The absence of CW makes possible the accurate visualization of events at the protoplast PM using fluorescent probes. However, while a lot of probes exist to study lipid organization and dynamics into artificial model membranes which are deprived of proteins, they often cannot be directly applied to living cell and protoplast PMs which are far more complex and require deep protocol adaptations in terms of concentration and incubation time (Klymchenko and Kreder, 2014). Every probe will have its specificities and are used by themselves or combined. For instance, FM4-64 [N-(3-Triethylammoniumpropyl)-4-(6-(4-(Diethylamino) Phenyl) Hexatrienyl) Pyridinium Dibromide] and LRB-PE (Lissamine Rhodamine B-Phosphoethanolamine) have been employed to specifically stain phospholipid enriched areas of protoplast PM and BD-SM (Bodipy Sphingomyelin FL C12) has been used to stain sphingolipid enriched domains (Blachutzik et al., 2012). FM4-64 and BD-SM were also used in combination with FRAP (fluorescence recovery after photobleaching) experiments to visualize lipid redistribution. The identification of ordered and disordered regions of the PM is also possible with the solvatochromic dyes di-4-ANEPPDHQ and laurdan that show a shift in emission wavelength when lipids undergo phase transition from gel to fluid state (Blachutzik et al., 2012; Klymchenko, 2017). Di-4-ANEPPDHQ has notably been used on protoplasts from rice transgenic plants that lack fatty acid hydroxylase 1 and 2 (FAH1/2), enzymes responsible for the formation of 2-hydroxy sphingolipids (2-OH-SL), precursors of glycosylinositol phosphorylceramides (GIPC), that are both located at the PM in Arabidopsis. They demonstrated that a disordered PM was concomitant with a lower amount of 2-OH-SL which gave rise to an increased sensibility to rice blast fungus infection (Nagano et al., 2016). Di-4-ANEPPDHQ has also been used in Arabidopsis FAH1/2 mutants, to show a lower order of the PM compared to the wild type, suggesting an altered PM organization when its content in GIPC is low (Lenarčič et al., 2017).

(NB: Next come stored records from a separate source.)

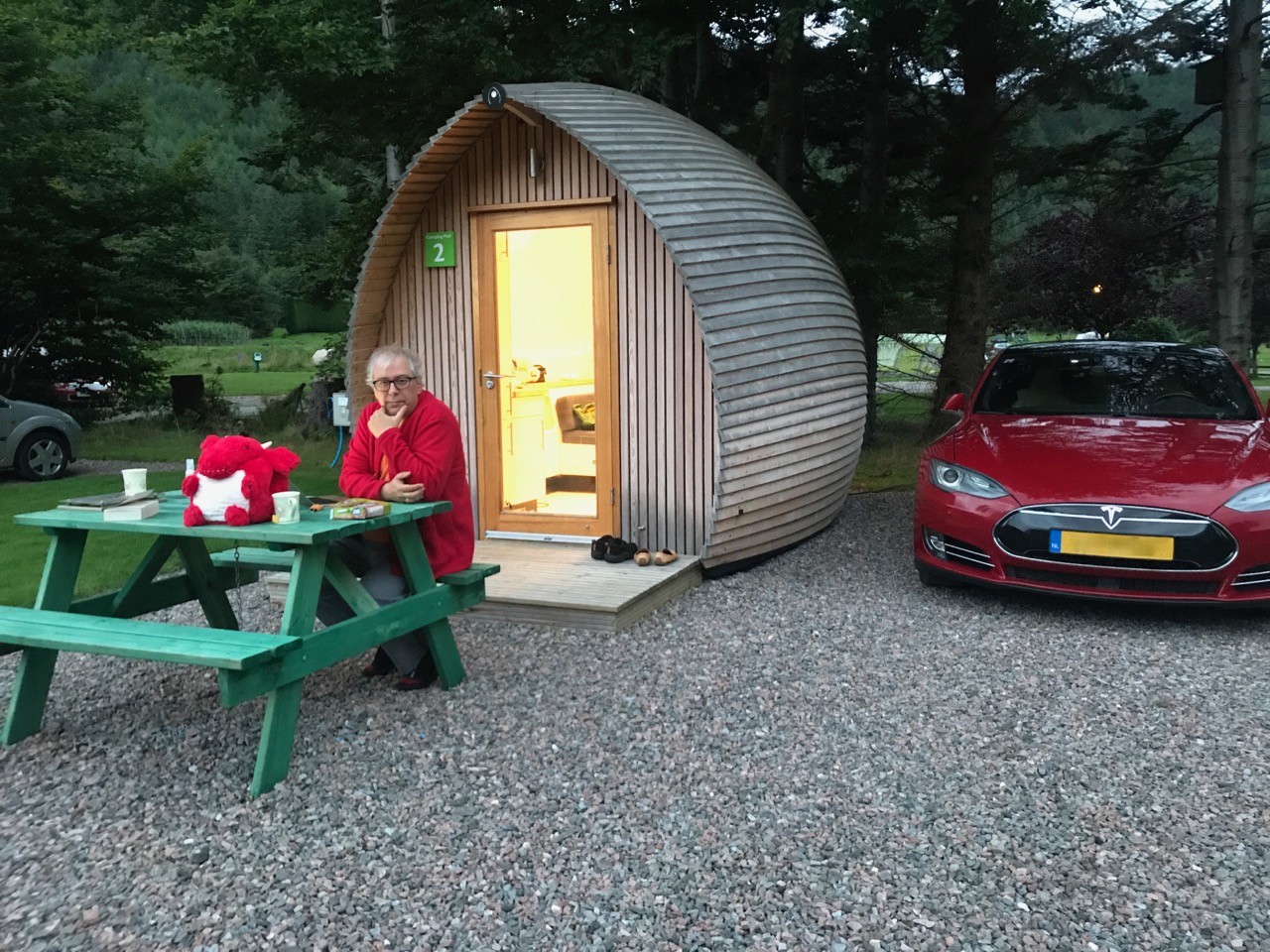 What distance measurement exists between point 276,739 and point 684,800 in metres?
1.50

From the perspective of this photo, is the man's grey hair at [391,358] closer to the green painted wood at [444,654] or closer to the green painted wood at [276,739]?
the green painted wood at [444,654]

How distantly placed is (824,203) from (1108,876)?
11.2 m

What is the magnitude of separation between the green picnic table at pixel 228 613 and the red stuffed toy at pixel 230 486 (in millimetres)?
65

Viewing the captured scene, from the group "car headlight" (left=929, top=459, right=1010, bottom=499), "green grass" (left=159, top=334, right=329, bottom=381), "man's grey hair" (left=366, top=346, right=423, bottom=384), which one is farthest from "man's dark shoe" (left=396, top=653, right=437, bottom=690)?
"green grass" (left=159, top=334, right=329, bottom=381)

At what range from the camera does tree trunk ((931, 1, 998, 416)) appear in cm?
1280

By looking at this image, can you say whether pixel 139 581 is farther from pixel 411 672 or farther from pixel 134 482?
pixel 411 672

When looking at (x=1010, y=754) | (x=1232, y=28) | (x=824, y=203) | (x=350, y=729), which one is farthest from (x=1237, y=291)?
(x=350, y=729)

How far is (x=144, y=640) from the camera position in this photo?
12.8 ft

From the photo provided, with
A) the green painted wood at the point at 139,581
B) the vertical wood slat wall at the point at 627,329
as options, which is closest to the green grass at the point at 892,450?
the vertical wood slat wall at the point at 627,329

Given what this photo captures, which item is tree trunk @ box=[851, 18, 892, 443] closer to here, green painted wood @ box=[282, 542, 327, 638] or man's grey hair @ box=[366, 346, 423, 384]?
man's grey hair @ box=[366, 346, 423, 384]

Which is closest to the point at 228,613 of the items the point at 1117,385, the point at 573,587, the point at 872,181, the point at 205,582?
the point at 205,582

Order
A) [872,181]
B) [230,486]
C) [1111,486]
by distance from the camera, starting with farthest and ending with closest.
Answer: [872,181] < [1111,486] < [230,486]

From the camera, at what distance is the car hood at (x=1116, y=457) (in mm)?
5750

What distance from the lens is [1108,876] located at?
10.7 ft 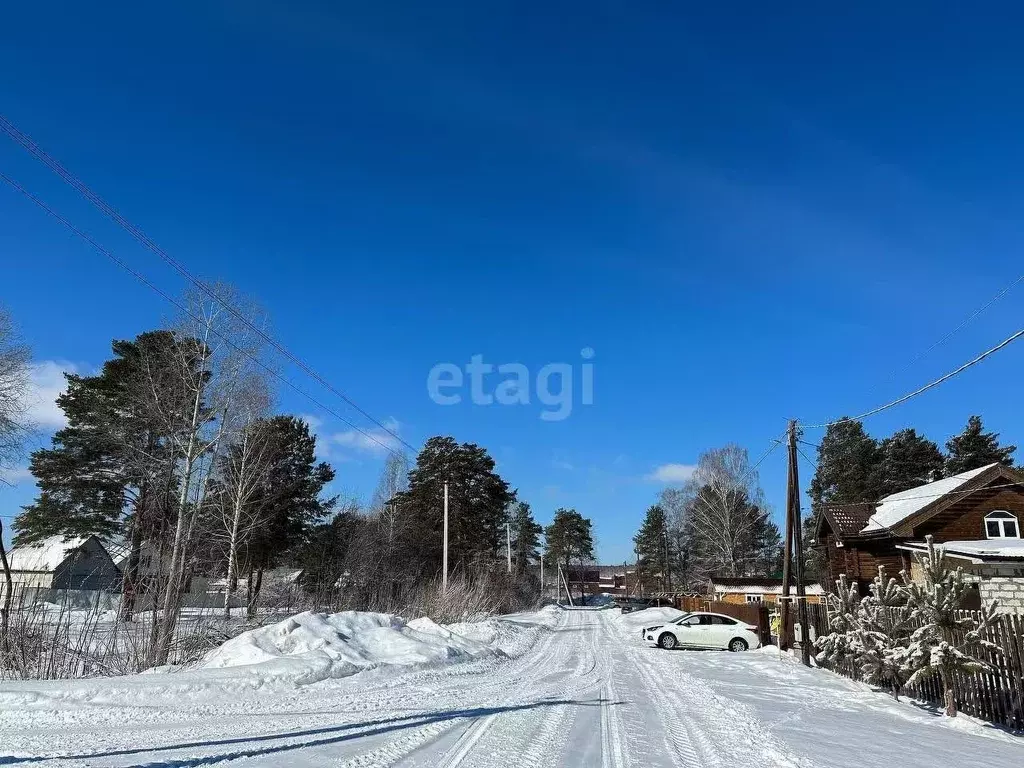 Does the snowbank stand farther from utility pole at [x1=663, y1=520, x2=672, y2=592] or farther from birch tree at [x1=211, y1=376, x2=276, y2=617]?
utility pole at [x1=663, y1=520, x2=672, y2=592]

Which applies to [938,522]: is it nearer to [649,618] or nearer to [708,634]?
[708,634]

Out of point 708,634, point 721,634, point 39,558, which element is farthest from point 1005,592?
point 39,558

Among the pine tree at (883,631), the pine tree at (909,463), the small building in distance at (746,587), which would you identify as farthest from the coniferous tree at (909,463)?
the pine tree at (883,631)

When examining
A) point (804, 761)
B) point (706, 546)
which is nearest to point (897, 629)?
point (804, 761)

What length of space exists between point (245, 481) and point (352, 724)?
22189mm

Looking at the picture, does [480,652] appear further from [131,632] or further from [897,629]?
[897,629]

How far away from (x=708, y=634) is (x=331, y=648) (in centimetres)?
1550

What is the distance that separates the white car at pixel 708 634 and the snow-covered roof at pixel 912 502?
460 inches

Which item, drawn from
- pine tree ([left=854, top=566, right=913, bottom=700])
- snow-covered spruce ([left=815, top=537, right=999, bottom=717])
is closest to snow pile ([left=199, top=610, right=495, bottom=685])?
pine tree ([left=854, top=566, right=913, bottom=700])

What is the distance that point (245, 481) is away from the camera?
2769 centimetres

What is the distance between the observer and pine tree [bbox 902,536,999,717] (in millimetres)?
9445

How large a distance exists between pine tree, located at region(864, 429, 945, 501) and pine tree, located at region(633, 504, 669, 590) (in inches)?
1076

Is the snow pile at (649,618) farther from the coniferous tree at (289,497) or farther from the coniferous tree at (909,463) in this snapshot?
the coniferous tree at (909,463)

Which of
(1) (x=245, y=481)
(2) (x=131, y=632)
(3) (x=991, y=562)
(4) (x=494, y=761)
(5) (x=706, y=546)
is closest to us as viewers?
(4) (x=494, y=761) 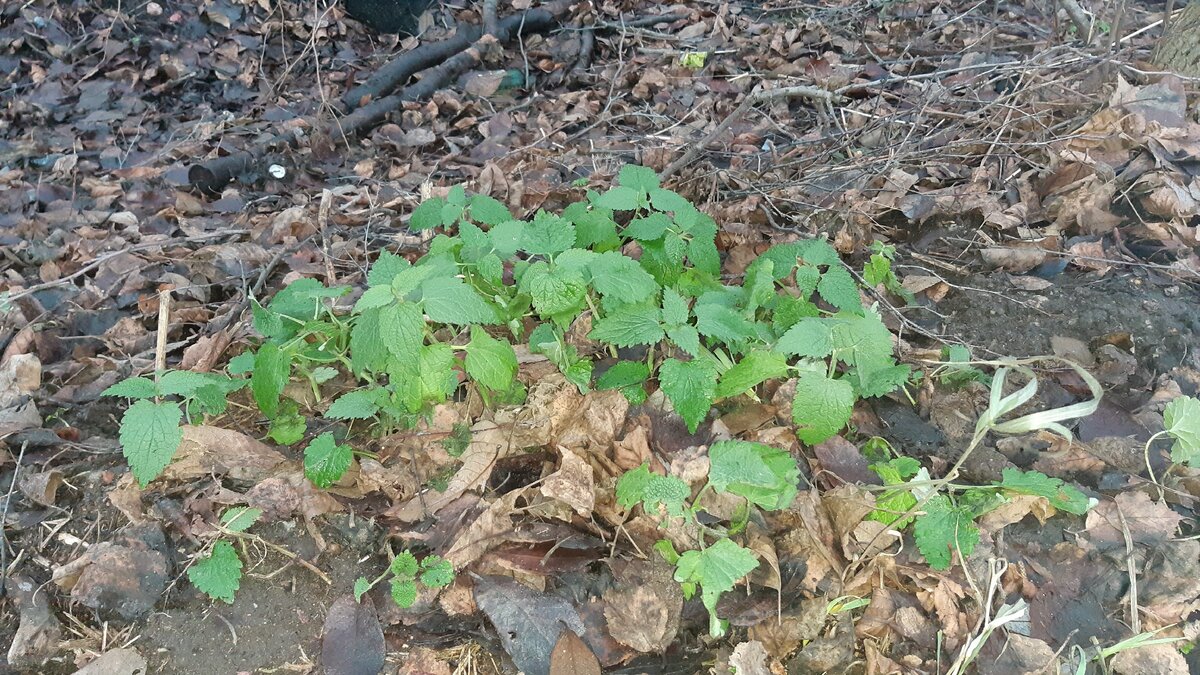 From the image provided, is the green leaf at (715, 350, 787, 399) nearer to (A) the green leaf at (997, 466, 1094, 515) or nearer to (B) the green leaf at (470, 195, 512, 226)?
(A) the green leaf at (997, 466, 1094, 515)

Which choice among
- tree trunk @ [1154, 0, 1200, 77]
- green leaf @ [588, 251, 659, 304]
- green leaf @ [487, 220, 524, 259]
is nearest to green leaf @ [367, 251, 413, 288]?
green leaf @ [487, 220, 524, 259]

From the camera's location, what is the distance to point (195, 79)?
5387 millimetres

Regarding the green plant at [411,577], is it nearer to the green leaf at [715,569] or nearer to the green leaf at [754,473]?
the green leaf at [715,569]

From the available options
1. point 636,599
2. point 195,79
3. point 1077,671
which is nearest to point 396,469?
point 636,599

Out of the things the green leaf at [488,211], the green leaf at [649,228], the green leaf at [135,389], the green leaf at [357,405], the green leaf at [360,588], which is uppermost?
the green leaf at [488,211]

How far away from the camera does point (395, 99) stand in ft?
16.1

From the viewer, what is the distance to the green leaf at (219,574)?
174 cm

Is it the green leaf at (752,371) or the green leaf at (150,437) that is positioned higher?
the green leaf at (150,437)

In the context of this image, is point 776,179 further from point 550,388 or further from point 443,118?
point 443,118

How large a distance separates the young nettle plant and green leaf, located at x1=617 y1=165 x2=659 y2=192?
915 mm

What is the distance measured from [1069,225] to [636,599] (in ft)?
6.89

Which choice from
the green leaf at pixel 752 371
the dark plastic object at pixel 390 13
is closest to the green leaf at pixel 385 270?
the green leaf at pixel 752 371

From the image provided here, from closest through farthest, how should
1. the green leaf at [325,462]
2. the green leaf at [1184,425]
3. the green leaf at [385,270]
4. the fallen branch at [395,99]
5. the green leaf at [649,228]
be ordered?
the green leaf at [1184,425] < the green leaf at [325,462] < the green leaf at [385,270] < the green leaf at [649,228] < the fallen branch at [395,99]

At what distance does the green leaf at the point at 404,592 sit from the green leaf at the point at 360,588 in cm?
7
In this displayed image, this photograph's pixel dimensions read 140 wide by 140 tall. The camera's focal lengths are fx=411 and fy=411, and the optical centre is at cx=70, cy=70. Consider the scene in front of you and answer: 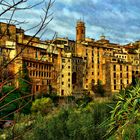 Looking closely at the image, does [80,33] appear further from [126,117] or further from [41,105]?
[126,117]

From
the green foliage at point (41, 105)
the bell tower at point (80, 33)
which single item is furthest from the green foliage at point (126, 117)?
the bell tower at point (80, 33)

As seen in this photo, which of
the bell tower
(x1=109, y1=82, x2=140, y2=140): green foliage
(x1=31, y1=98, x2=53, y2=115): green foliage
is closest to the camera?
(x1=109, y1=82, x2=140, y2=140): green foliage

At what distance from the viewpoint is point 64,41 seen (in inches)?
2434

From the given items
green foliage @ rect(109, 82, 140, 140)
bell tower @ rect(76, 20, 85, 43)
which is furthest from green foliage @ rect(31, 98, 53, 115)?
green foliage @ rect(109, 82, 140, 140)

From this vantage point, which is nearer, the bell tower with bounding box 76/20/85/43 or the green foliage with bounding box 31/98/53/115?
the green foliage with bounding box 31/98/53/115

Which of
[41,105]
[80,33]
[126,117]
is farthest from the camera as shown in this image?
[80,33]

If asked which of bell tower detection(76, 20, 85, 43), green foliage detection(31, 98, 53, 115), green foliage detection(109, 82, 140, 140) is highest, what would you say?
bell tower detection(76, 20, 85, 43)

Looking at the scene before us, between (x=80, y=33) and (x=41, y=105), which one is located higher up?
(x=80, y=33)

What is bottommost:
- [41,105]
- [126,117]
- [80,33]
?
[41,105]

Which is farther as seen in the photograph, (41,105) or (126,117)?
(41,105)

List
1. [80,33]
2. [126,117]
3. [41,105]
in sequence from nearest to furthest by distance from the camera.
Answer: [126,117] → [41,105] → [80,33]

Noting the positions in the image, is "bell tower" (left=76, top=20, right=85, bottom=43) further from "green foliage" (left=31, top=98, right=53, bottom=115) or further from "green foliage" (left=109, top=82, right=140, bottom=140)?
"green foliage" (left=109, top=82, right=140, bottom=140)

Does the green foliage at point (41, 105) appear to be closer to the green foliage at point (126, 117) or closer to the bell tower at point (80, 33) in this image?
the bell tower at point (80, 33)

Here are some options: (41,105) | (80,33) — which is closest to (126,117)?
(41,105) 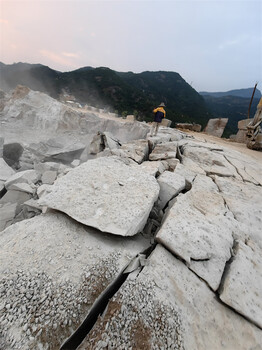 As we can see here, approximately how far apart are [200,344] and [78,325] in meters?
0.80

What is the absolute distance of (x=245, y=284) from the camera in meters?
1.37

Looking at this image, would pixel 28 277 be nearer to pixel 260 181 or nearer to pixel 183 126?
pixel 260 181

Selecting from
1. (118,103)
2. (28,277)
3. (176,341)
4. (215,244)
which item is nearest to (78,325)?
(28,277)

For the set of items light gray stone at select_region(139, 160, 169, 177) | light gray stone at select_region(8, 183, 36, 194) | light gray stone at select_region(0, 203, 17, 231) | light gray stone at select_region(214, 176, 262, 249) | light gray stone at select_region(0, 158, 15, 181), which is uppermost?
light gray stone at select_region(139, 160, 169, 177)

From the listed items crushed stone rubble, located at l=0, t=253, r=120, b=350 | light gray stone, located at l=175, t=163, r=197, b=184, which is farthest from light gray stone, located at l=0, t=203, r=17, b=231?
light gray stone, located at l=175, t=163, r=197, b=184

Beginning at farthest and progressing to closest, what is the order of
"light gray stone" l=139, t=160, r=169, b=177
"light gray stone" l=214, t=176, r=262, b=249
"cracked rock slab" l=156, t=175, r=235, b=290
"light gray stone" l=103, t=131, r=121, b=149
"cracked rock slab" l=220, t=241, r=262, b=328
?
"light gray stone" l=103, t=131, r=121, b=149, "light gray stone" l=139, t=160, r=169, b=177, "light gray stone" l=214, t=176, r=262, b=249, "cracked rock slab" l=156, t=175, r=235, b=290, "cracked rock slab" l=220, t=241, r=262, b=328

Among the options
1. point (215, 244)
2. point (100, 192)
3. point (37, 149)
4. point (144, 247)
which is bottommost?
point (37, 149)

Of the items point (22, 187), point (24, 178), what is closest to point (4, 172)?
point (24, 178)

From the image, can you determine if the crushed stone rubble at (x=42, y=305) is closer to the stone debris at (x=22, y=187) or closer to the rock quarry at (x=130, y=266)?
the rock quarry at (x=130, y=266)

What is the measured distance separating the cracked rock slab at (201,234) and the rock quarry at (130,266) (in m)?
0.01

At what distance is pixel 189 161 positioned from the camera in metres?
3.43

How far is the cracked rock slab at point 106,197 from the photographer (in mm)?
1576

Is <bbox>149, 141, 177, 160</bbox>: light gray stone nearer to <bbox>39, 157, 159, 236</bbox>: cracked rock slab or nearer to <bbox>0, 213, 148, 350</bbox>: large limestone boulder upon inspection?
<bbox>39, 157, 159, 236</bbox>: cracked rock slab

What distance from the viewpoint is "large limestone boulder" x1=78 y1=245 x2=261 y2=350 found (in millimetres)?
1020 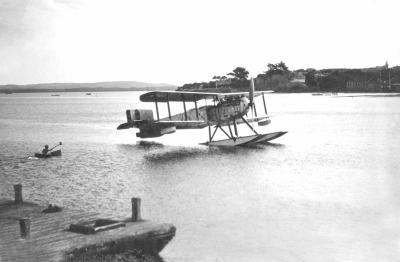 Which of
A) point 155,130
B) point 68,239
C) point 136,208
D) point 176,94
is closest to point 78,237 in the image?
point 68,239

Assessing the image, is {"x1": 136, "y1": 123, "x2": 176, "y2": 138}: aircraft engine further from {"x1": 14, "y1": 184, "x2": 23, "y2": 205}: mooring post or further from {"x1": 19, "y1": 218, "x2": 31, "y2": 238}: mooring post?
{"x1": 19, "y1": 218, "x2": 31, "y2": 238}: mooring post

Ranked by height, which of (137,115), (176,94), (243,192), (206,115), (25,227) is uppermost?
(176,94)

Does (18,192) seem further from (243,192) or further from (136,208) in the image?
(243,192)

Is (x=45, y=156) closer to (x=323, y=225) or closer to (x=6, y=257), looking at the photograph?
(x=323, y=225)

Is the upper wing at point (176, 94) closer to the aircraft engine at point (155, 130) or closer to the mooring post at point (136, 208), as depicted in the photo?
the aircraft engine at point (155, 130)

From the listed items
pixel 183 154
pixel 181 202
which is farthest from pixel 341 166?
pixel 181 202

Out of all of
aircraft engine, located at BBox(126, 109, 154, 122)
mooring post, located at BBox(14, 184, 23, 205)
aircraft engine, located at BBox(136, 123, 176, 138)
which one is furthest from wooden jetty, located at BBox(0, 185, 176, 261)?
aircraft engine, located at BBox(126, 109, 154, 122) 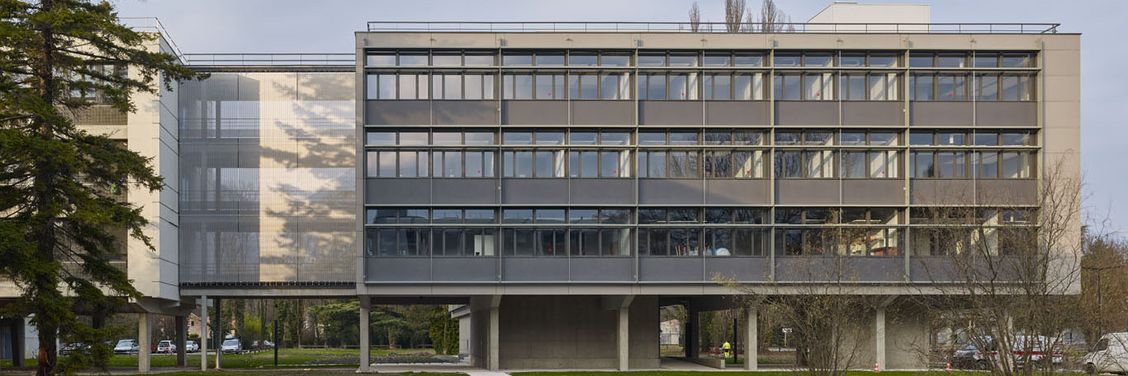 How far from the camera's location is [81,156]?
31516 millimetres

While there are many advantages to use fluorescent probes directly on protoplasts, its PM remains an active, dynamic structure, which can cause issues. It has been reported that some probes could be internalized in the cytoplasm, such as DiIC12 (1,1'-Didodecyl-3,3,3',3'-Tetramethylindocarbocyanine Perchlorate) and DiIC18 (1,1'-Dioctadecyl-3,3,3',3'-Tetramethylindodicarbocyanine-5,5'-Disulfonic Acid), which stains phospholipids, leading to a decrease in fluorescence in the PM (Blachutzik et al., 2012). By using calcofluor and di-4-ANEPPDHQ on tobacco protoplasts, it has been shown that the absence of a CW does not affect the organization of PM-ordered domains (Grosjean et al., 2018), suggesting that the PM microdomain functions of a protoplast remain highly similar to that of an intact tissue. However, in Arabidopsis, FRAP analysis proved that the removal of the CW increased the overall dynamics and mobility of the PM proteins (Martinière et al., 2012), including proteins involved in response to extracellular stimuli flotilin2 proteins (AtFLOT2) and hypersensitive induced reaction proteins (AtHIR1; Daněk et al., 2020).

Detection of Early Stress Signaling Events

Fluorescent probes can also be useful to detect specific early stress signaling events like ROS production and ions fluxes. For instance, in Arabidopsis, the molecular probe ContPY1 was used to detect the intracellular accumulation of a ROS, hydrogen peroxide (H2O2) in response to the elicitor COS-OGA. The comparison between protoplasts and cell suspensions evidenced the relative contribution of CW peroxidases and membrane dehydrogenases to H2O2 production (Ledoux et al., 2014). On maize, the Amplex red reagent, which reacts with H2O2 to produce the highly fluorescent resorufin, and the rhodamine dye DHR123 (Dihydrorhodamine 123) were used to measure ROS in both organelles and protoplasts and link their quantities to DNA damage in developing mitochondria and plastids (Tripathi et al., 2020).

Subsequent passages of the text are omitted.